While her parent bestowed love and lavish praise on her in some instances, there were many, many rules. Hidden rules. Rules that the princess didn't know she had broken until she was villainized by the parent. This was confusing. The princess became more adaptable. She learned to be at the ready, to interpret the signs, to smell the winds of change. The little princess began to know how to maneuver the hidden rules and to survive. She adapted. But not without a cost. You see, the adaptation was to be ready for anything. Which leads to living life in survival and being ruled by the fight, flight, freeze part of the brain. This also signals the body to make more cortisol. The longer you live in this part of the brain, the more your body just keeps producing cortisol. Stress hormone. And for one thing, this is exhausting. For another thing, it impairs the ability to think through things rationally. It is amazing though, how well a person can adapt and play the part of a sound thinking human while in survival. Kids who live in fear of abuse do it all the time. Teachers see it everyday. Little Carina, princess in training, was living in fear and chaos. And did I mention fear? Sometimes this presents in making decisions that leave not only the person making the decision scratching their head, but also the people around them. And those beloved adults are wondering and saying to the child, "What happened?!" "What were you thinking?!" Well, they weren't. Thinking. Their brain just did something crazy without their permission and they are going to need help navigating back to a better place. A safer place. But this is where they are often misunderstood and left to their own coping skills (or the lack thereof). And so it was for Princess Carina.

She is left in her kingdom with a lot of power. Power = responsibility.
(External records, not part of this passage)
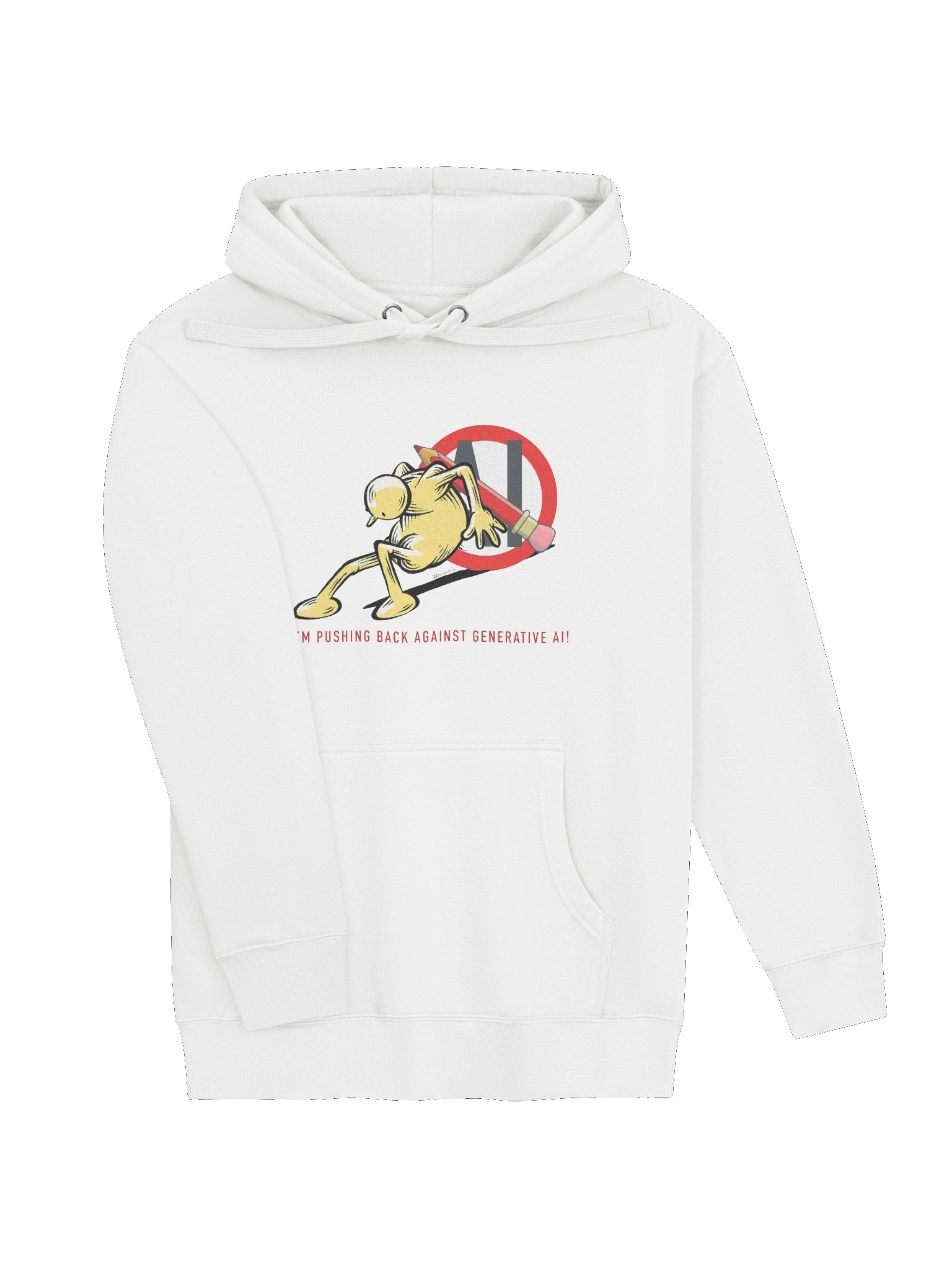 'Push Back' hoodie. product image (3)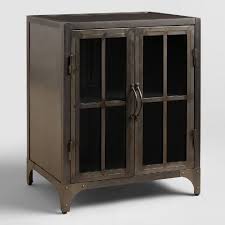Virgil Accent Table Metal Glass Glass Cabinet Doors Accent Table Metal Cabinet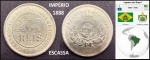 1888 - IMPÉRIO - ANO ESCASSO PARA ESSA MOEDA DE 100 RÉIS EM EXCELENTE  ESTADO DE CONSERVAÇÃO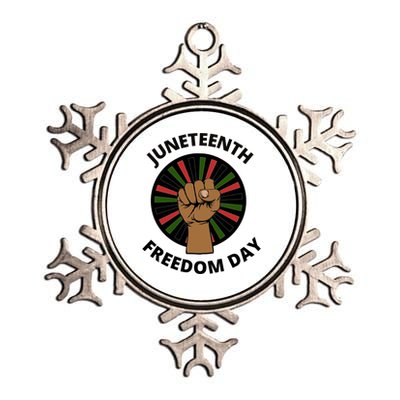 Juneteenth Gift Metallic Star Ornament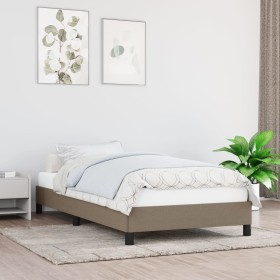 Taupe gray fabric bed frame 100x200 cm by vidaXL, Beds and slatted bases - Ref: Foro24-346700, Price: 74,92 €, Discount: %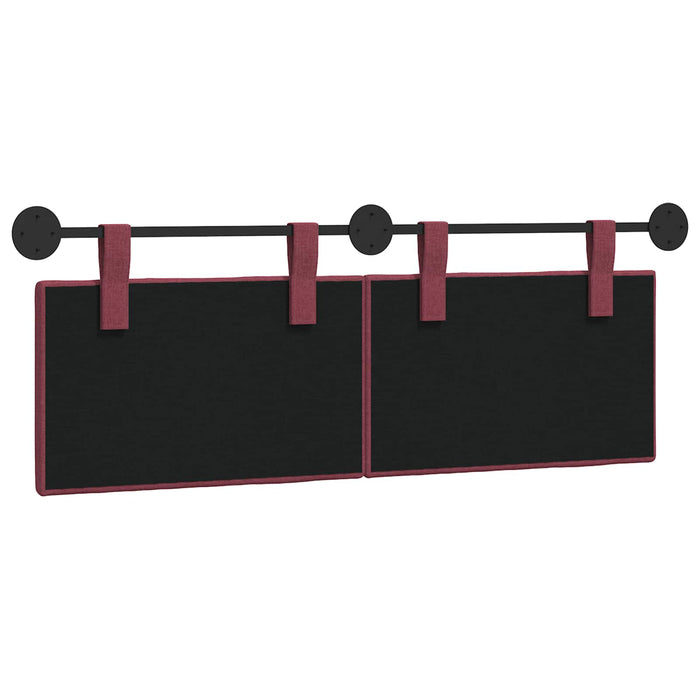 Cap de pat suspendat Dungi Roșu Vin 150 x 55 x 5 cm țesătură - WALTI WALTI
Responsibility to entertain herself, to stretch her knowledge, to learn new things.  She has a responsibility to amaze the queen. And she can mostly manage to pull this off, even though she lives her life at the ready. Ready for anything.

But villainous Carina is always there. Always lurking. Ready to just say "chuck it" and do something crazy. There are those times that, if the punishment is coming, she makes sure that a crime has been committed.

The moral of this tale is this: Controlling violence is powerful for the victim (I mean villain), and provoking violence is better than waiting in fear of not knowing when the wind will change.